При объективном обследовании больных с шейными ко­решковыми синдромами кроме типичных двигательных, рефлекторных, чувствительных симптомов выпадения оп­ределяются ограничение подвижности, вынужденное поло­жение головы, напряжение паравертебральных мышц шеи.

При поражении верхних корешков нарушается ротация го­ловы.

Дискогенные радикулопатии приводят к ограничению наклона головы, артрогенные — в большей мере ограничивают разгибание.

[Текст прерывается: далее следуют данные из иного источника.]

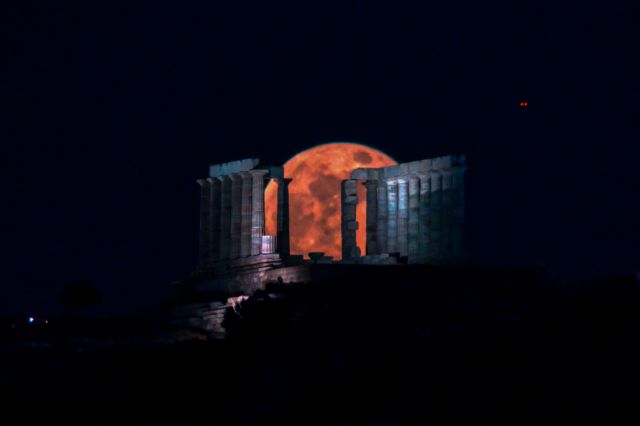 Δέος: Το «φεγγάρι των λουλουδιών» πάνω από τον ναό του Ποσειδώνα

Фораминальная компрессия корешка уси­ливается при осевом давлении на голову, особенно в соче­тании с разгибанием и наклоном головы в больную сторону. Эта проба, получившая название «феномен межпозвоночно­го отверстия», положительна в подавляющем большинстве случаев корешковых синдромов. Так же специфичен тест растяжения шейного отдела позвоночника, когда ручное вытяжение его вдоль оси приводит к уменьшению сдавления корешка и соответственно к уменьшению или исчезно­вению боли и парестезии.

Натяжение шейных корешков вы­зывается форсированным наклоном головы в здоровую сто­рону, для выявления поражения корешков С4—С6 дополни­тельно производится отведение больной руки книзу и в сторону, при патологии корешков С7—Тh1, рука поднимается кверху. Симптом натяжения расценивается как положитель­ный при появлении парестезии, усилении болевого фено­мена во время выполнения соответствующего приема. Для больных с шейными корешковыми синдромами типична локальная болезненность при пальпации паравертебральных и межостистых точек, поперечных отростков на уровне по­раженного двигательного сегмента.